▸ **Work to complete**:
The task calls for each line of the records below in which the word "protons" appears.
##########
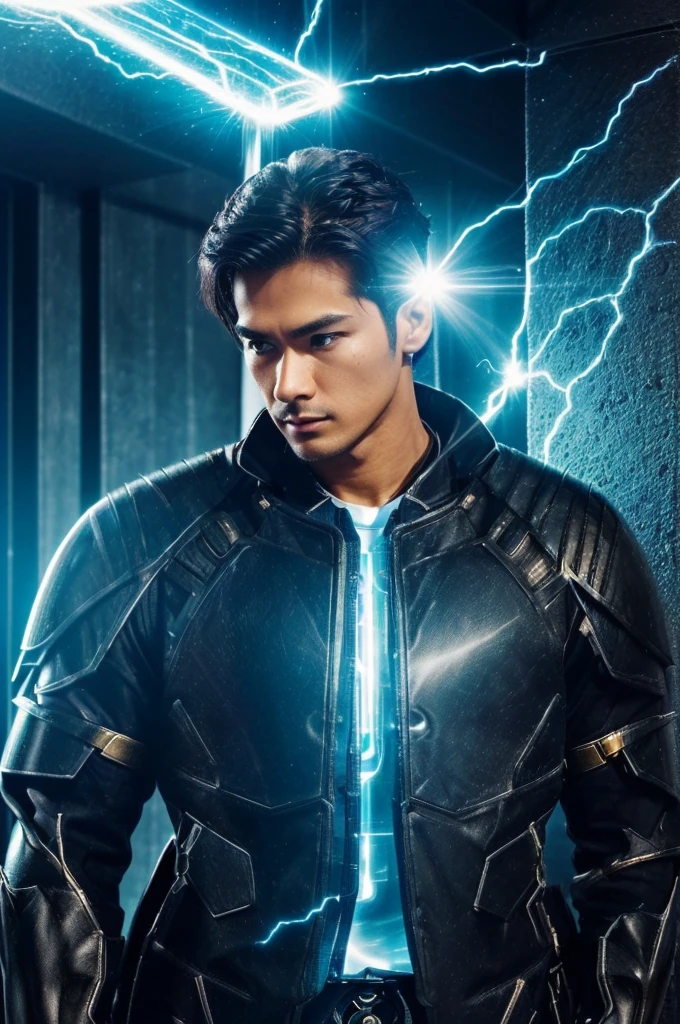 **♤ ๋࣭ · AGE: **
28 years
**♠︎ ๋࣭ · HEIGHT AND WEIGHT: **
1.85 meters, 75 kg
♤ ๋࣭ · GÉNERO:
masculine
**♠︎ ࣭࣭ · RADIUS: **
Human Special Appearance:
Aeron Stormblade has an imposing and energetic presence, according to its ability to manipulate quantum energy. Her hair is a bright silver tone., reflecting the electrical energy that runs through it. His eyes are an intense blue, with flashes that look like little rays, showing its constant connection with quantum energy. His skin has a slight golden glow., similar to his armor and weapon, indicating its latent power.
Wears light combat armor, Designed to maximize your agility and flexibility on the battlefield. The armor has a futuristic design, with gold metal plates and electric blue details, similar to the “Suppressor's Bastion” weapon he wields. The core of your armor, located in the chest, shines with an intense blue light, symbolizing the origin of his power.
Personality:
Aeron is an introverted and thoughtful individual.. Although it has great power, prefers to keep a low profile and act from the shadows. He is calm and reserved, rarely showing his emotions openly. Your control over quantum energy requires extraordinary concentration and discipline, which has made him a meticulous and observant person. Value tranquility and silence, finding solace in solitude and meditation to maintain your internal balance.
Skills and Powers:
Control and Transformation of Quantum Energy:
• Energy Transformation (Without Dematerialization):
• Can transform your inner energy, allowing the control of electrons and protons to influence their immediate environment.
• Movement speed is greatly increased, but it does not exceed the speed of sound.
Quantum Manipulation:
• Can manipulate the energy around him, controlling flows of electrons and protons to generate force fields, explosion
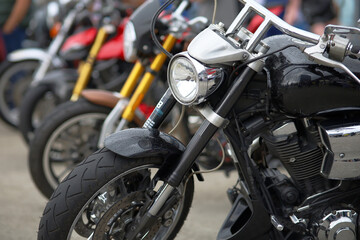 Motorcycle detail close-up front fork and headlight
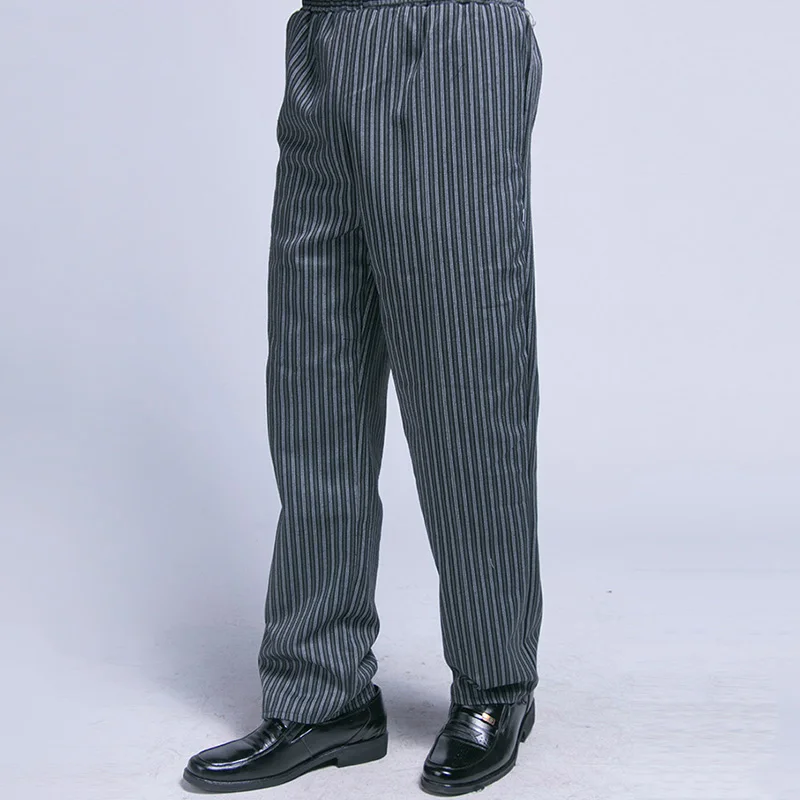 Pantalones de Chef para hombre, pantalón largo con cintura elástica para Hotel, restaurante, cocina, servicio de comida, uniforme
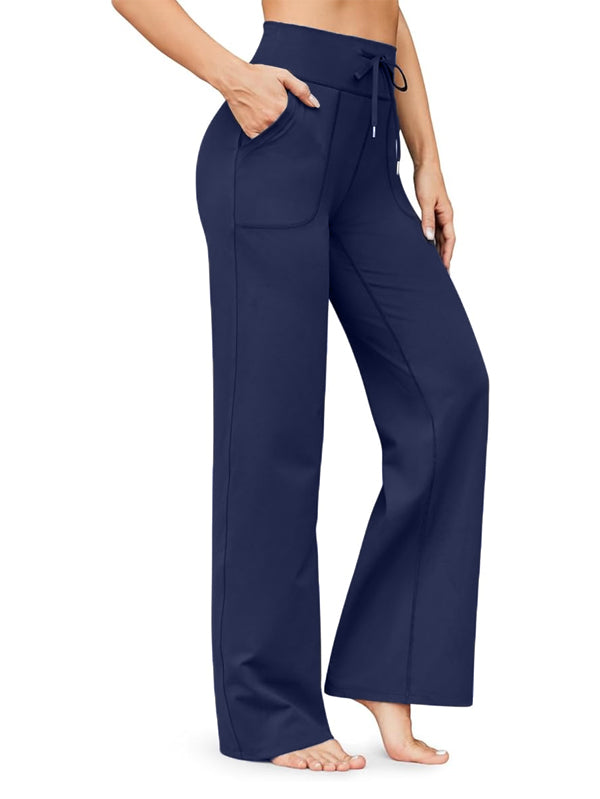 Stretch Wide Leg Trousers High Waisted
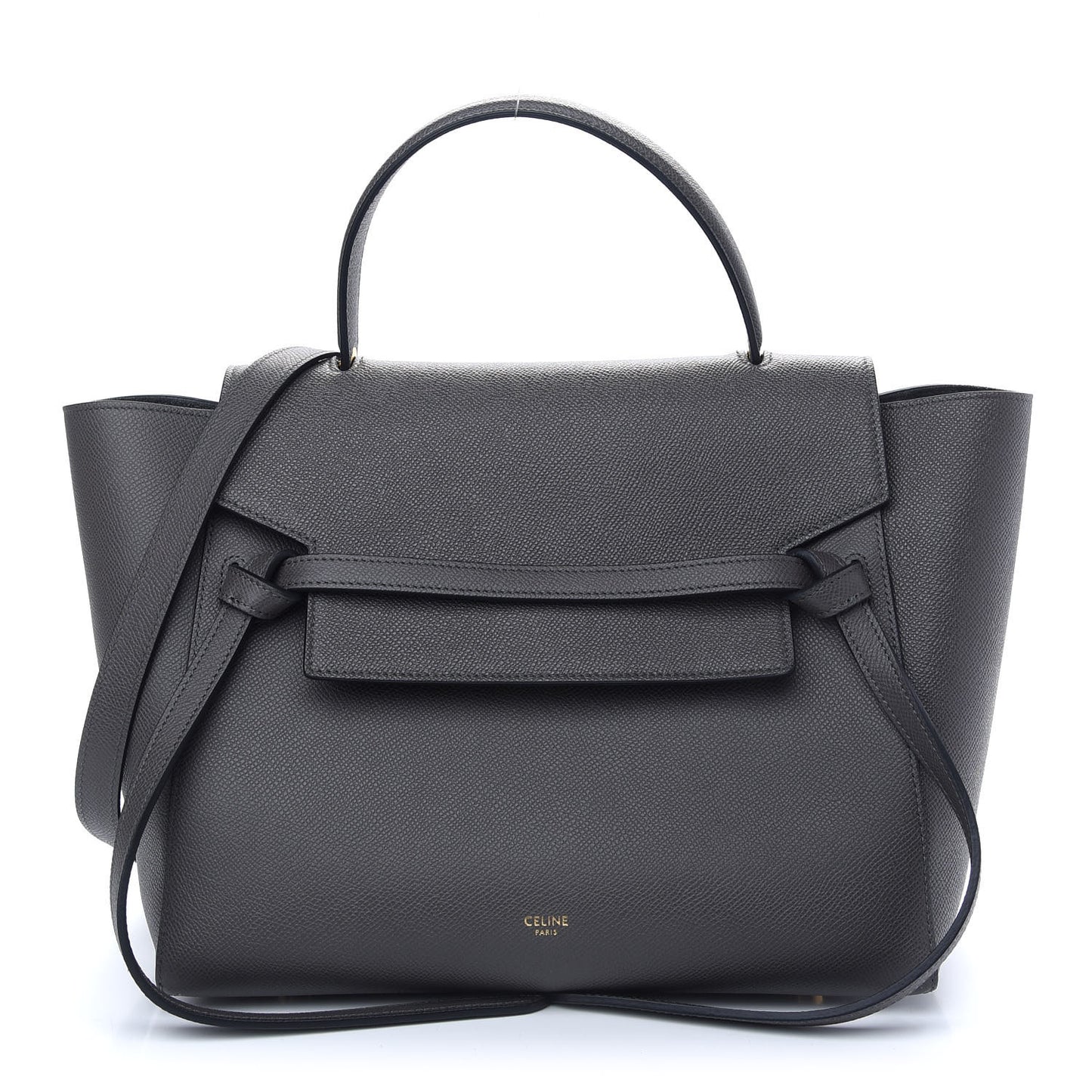 Grained Calfskin Mini Belt Bag Grey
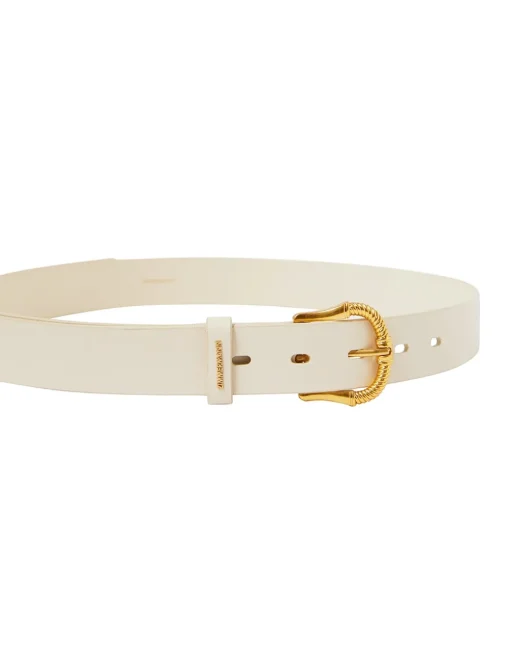 Twisted Buckle Leather Belt 30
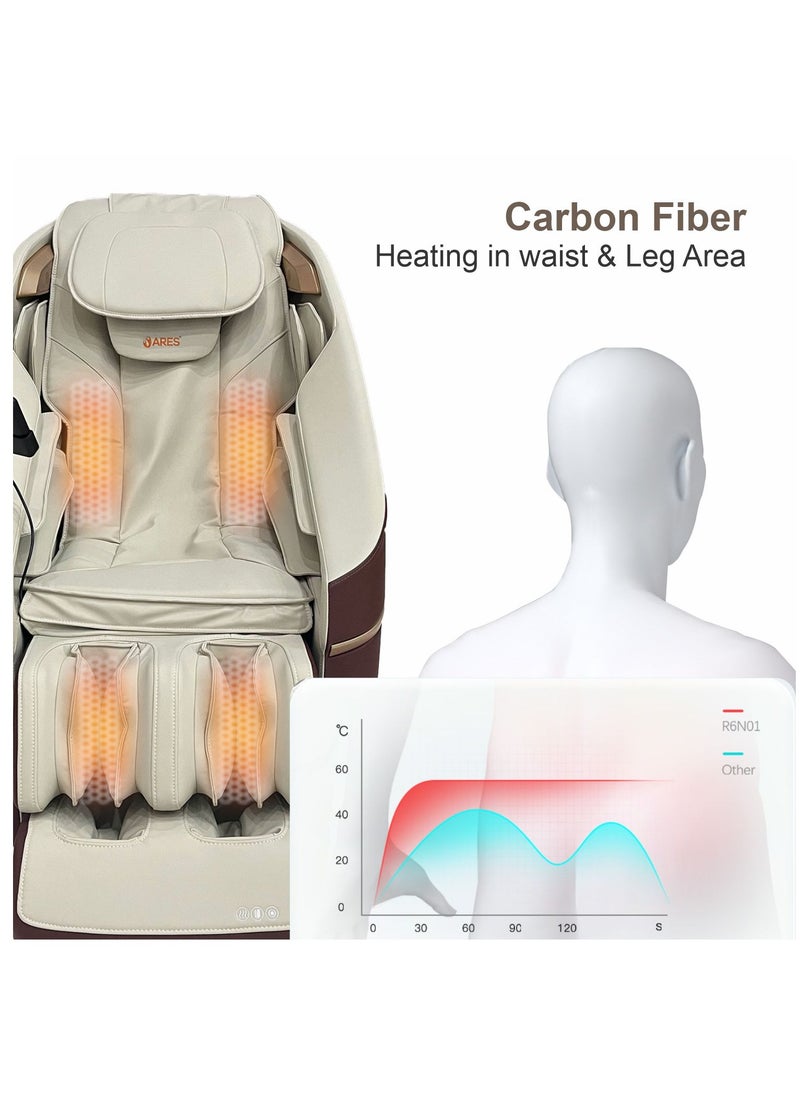 ARES uClass Massage Chair, Magnetic Massage Mechanism, 22 Auto Programs, Waist and Leg Heating Therapy, Intelligent Voice Control, 3 Zero Gravity Position, Bluetooth Speakers - Beige And Brown  - Image 3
##########
▸ **Written solution**:
• Can transform your inner energy, allowing the control of electrons and protons to influence their immediate environment.
• Can manipulate the energy around him, controlling flows of electrons and protons to generate force fields, explosion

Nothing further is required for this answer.